YOUR GOAL: Give the listing again word for word. Leave every image out.

MATERIAL PROVIDED:
- - - - - - -

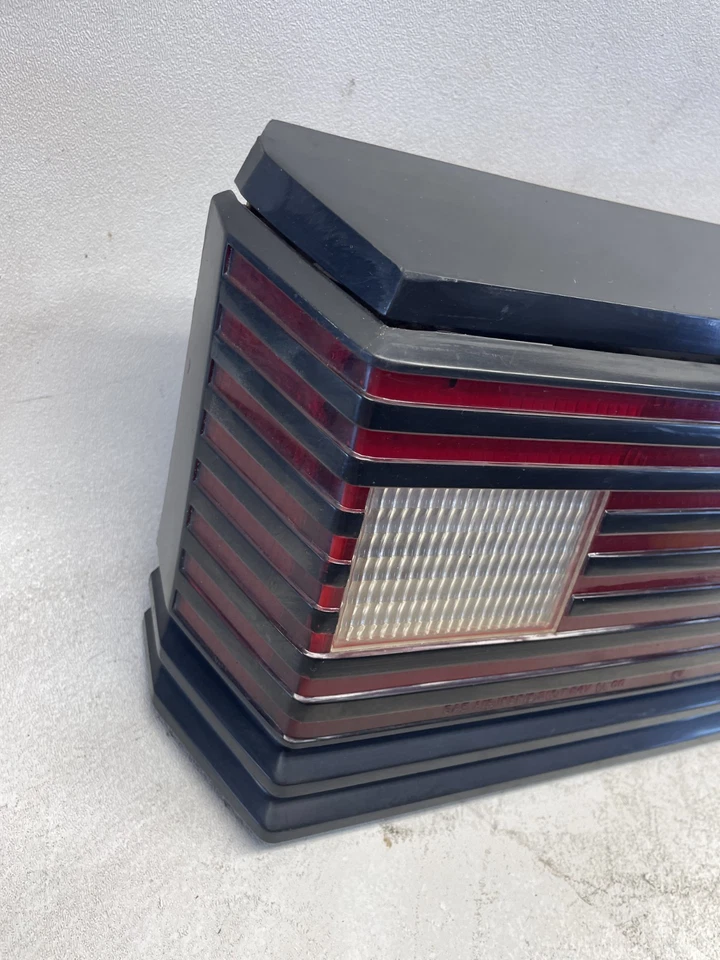 Conjunto de luz trasera de pasajero derecha Mopar 1983-1986 Dodge Daytona con moldura negra OEM Foto 3 de 4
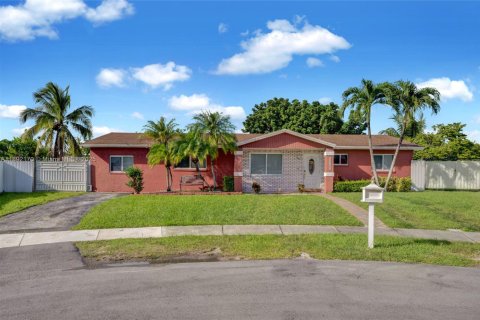 House in Homestead, Florida 4 bedrooms, 132.85 sq.m. № 1944199 - photo 1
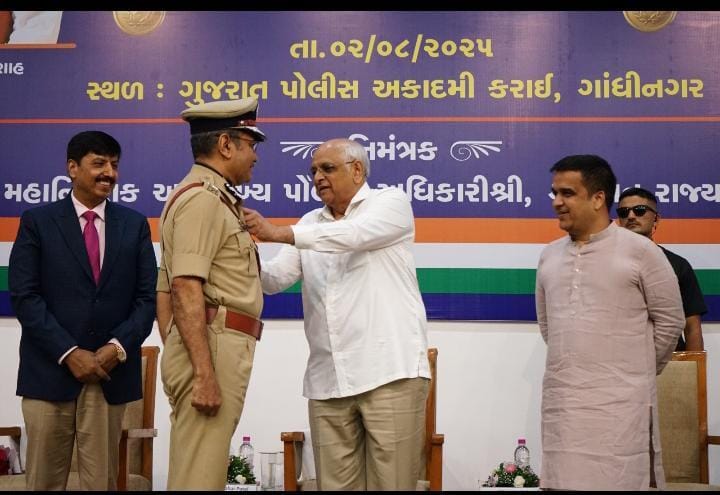 ગુજસીટોકના ગુનાઓ નોંધીને ગુંડાઓની શાન ઠેકાણે લાવનારા સીપી નરસિમ્હા કોમાર “પોલીસ ચંદ્રક અલંકરણ” એવોર્ડથી સન્માનિત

- - - - - - -

RESULT:
 Conjunto de luz trasera de pasajero derecha Mopar 1983-1986 Dodge Daytona con moldura negra OEM Foto 3 de 4
 House in Homestead, Florida 4 bedrooms, 132.85 sq.m. № 1944199 - photo 1
 ગુજસીટોકના ગુનાઓ નોંધીને ગુંડાઓની શાન ઠેકાણે લાવનારા સીપી નરસિમ્હા કોમાર “પોલીસ ચંદ્રક અલંકરણ” એવોર્ડથી સન્માનિત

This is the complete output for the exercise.